Glutamate mutase (Glm) equilibrates (S)-glutamate with (2S,3S)-3-methylaspartate. Catalysis proceeds with the homolytic cleavage of the organometallic bond of the cofactor to yield a 5'-desoxyadenosyl radical. This radical then abstracts a hydrogen atom from the protein-bound substrate to initiate the rearrangement reaction. Glm from Clostridium cochlearium is a heterotetrameric molecule consisting of two sigma and two epsilon polypeptide chains.


We have determined the crystal structures of inactive recombinant Glm reconstituted with either cyanocobalamin or methylcobalamin. The molecule shows close similarity to the structure of methylmalonyl CoA mutase (MCM), despite poor sequence similarity between its catalytic epsilon subunit and the corresponding TIM-barrel domain of MCM. Each of the two independent B12 cofactor molecules is associated with a substrate-binding site, which was found to be occupied by a (2S,3S)-tartrate ion. A 1:1 mixture of cofactors with cobalt in oxidation states II and III was observed in both crystal structures of inactive Glm.

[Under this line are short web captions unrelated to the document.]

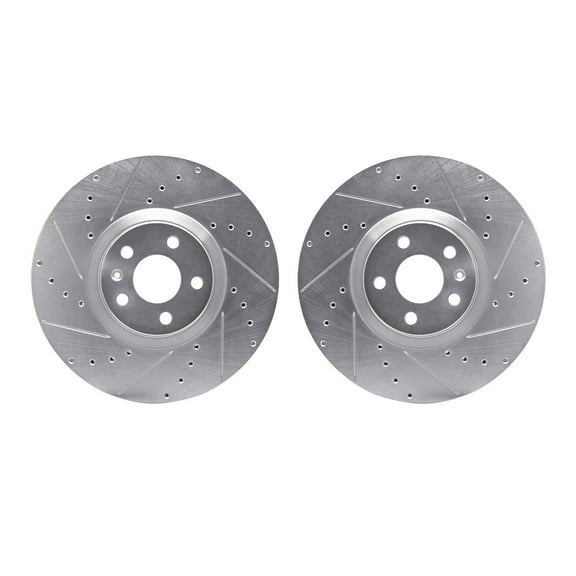 Dynamic Friction Company Front Brake Rotors-Drilled and Slotted-Silver 7002-27025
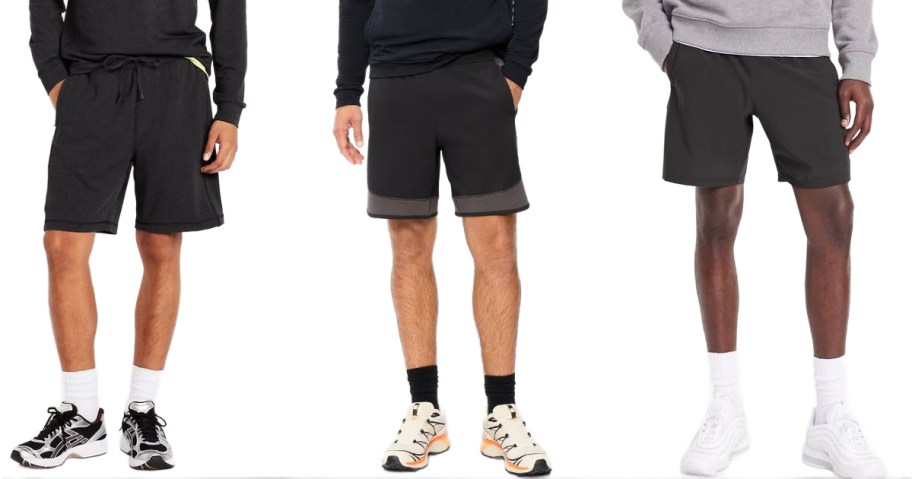 Stock image of three men wearing old navy shorts
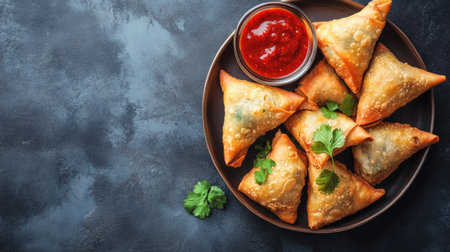 A serving of hot, crispy samosas with chutney, with room on the top for textの素材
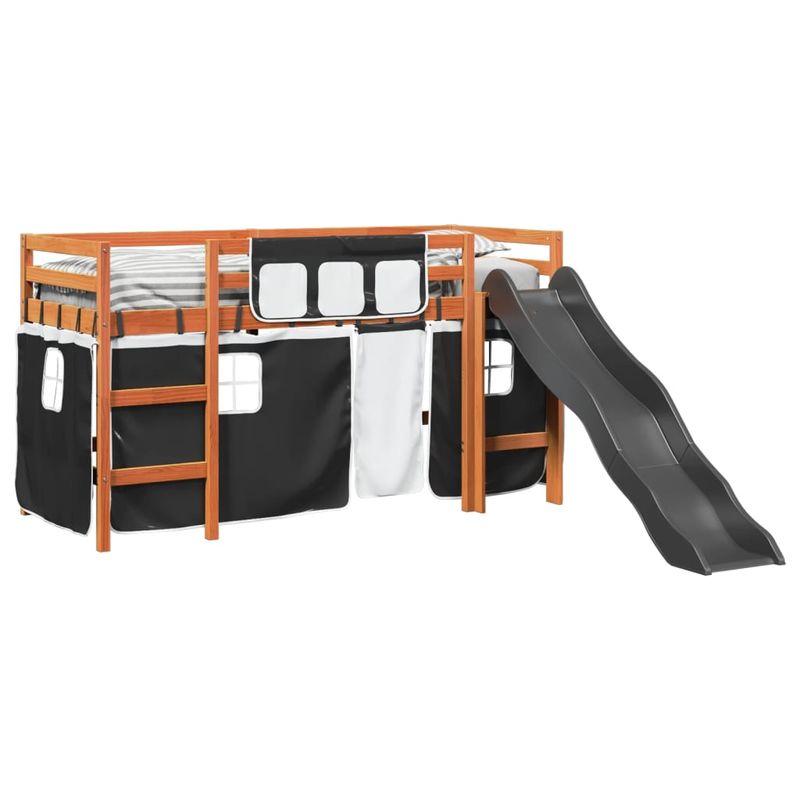Casa si Gradina - Mobilier - Paturi si accesorii - Paturi - Pat etajat de copii perdele, alb/negru 90x200 cm lemn masiv pin - Infinity.ro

The long axial cobalt-nitrogen bond first observed in the structure of MCM appears to result from a contribution of the species without upper ligand. The tight binding of the tartrate ion conforms to the requirements of tight control of the reactive intermediates and suggests how the enzyme might use the substrate-binding energy to initiate cleavage of the cobalt-carbon bond. The cofactor does not appear to have a participating role during the radical rearrangement reaction.